• **Work to be completed**: Reproduce, exactly and in full, the lines from the one with "Фаркоп Renault Espace 4 2002-2026 - 54707059" through the one with "3 chambres Appartement" in the data below; drop pictures.

• **Recorded data**:
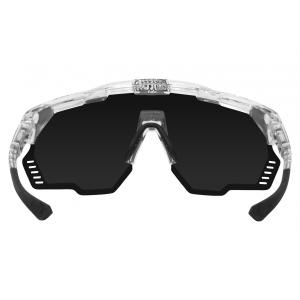 Briller Scicon Aeroshade kunken SCNPP crystal gloss image-2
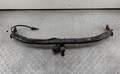 Фаркоп Renault Espace 4 2002-2026 - 54707059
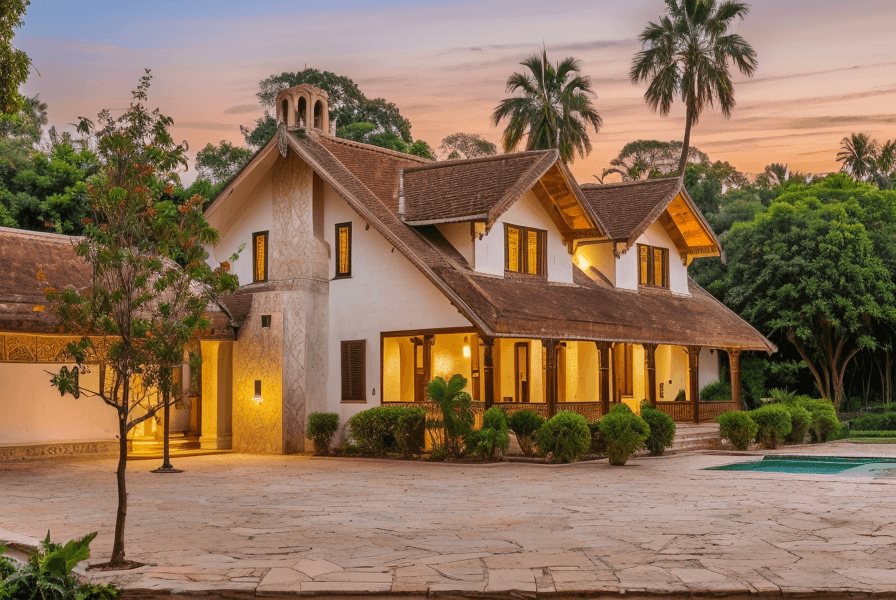 มุสลิมมุฆัล preview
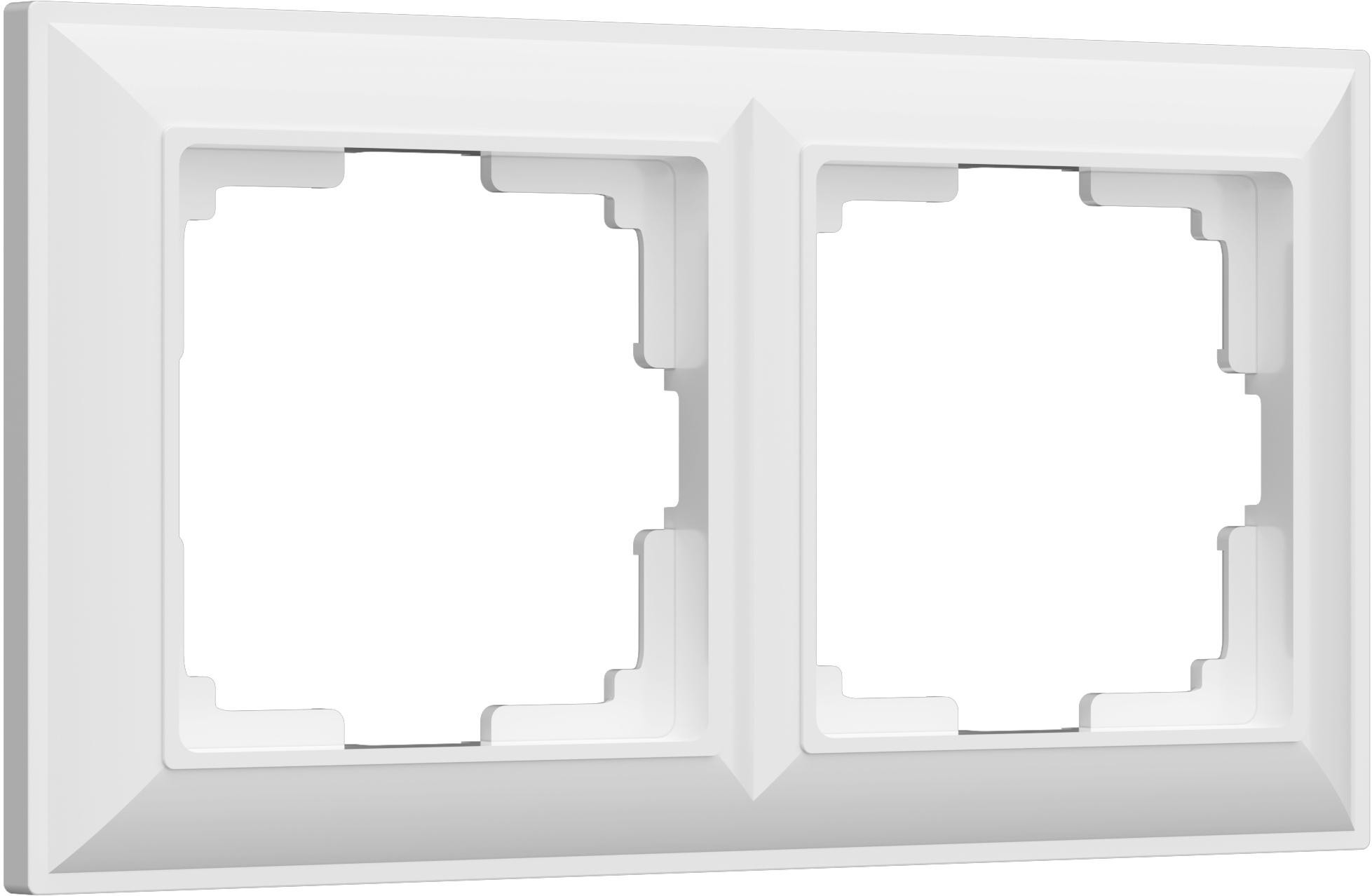 

Рамка Werkel W0022201
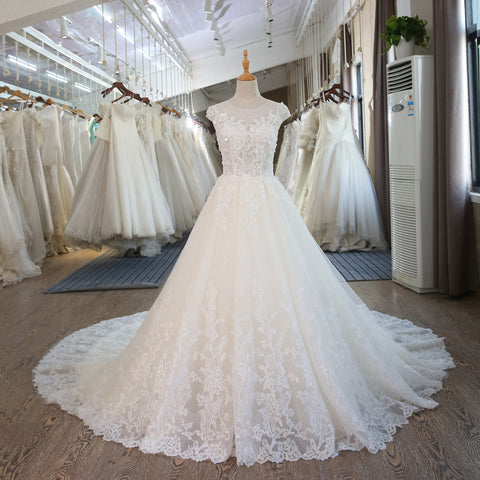 beach princess wedding dress Brand Custom Made Beach Wedding Dresses Sweetheart... From Rosammant, $120.12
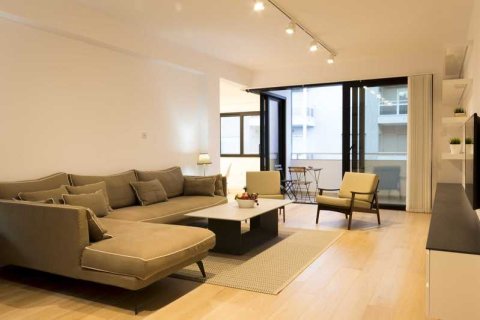 3 chambres Appartement à Limassol, Cyprus No. 32926 2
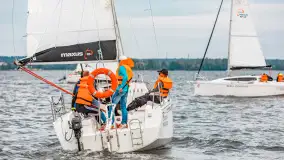 Fotorealcja z wody, V edycja Maxus Challenge 2024, cz. I - zdjęcie 17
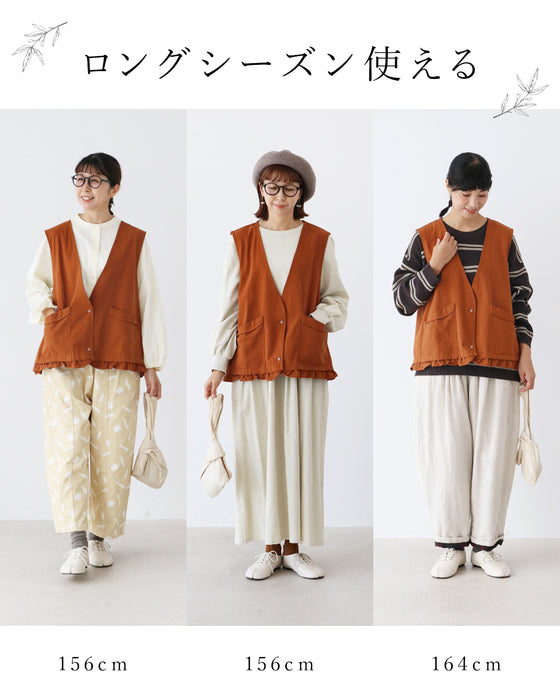 3役ベスト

• **Your solution**:
 Фаркоп Renault Espace 4 2002-2026 - 54707059
 มุสลิมมุฆัล preview

Рамка Werkel W0022201
 beach princess wedding dress Brand Custom Made Beach Wedding Dresses Sweetheart... From Rosammant, $120.12
 3 chambres Appartement à Limassol, Cyprus No. 32926 2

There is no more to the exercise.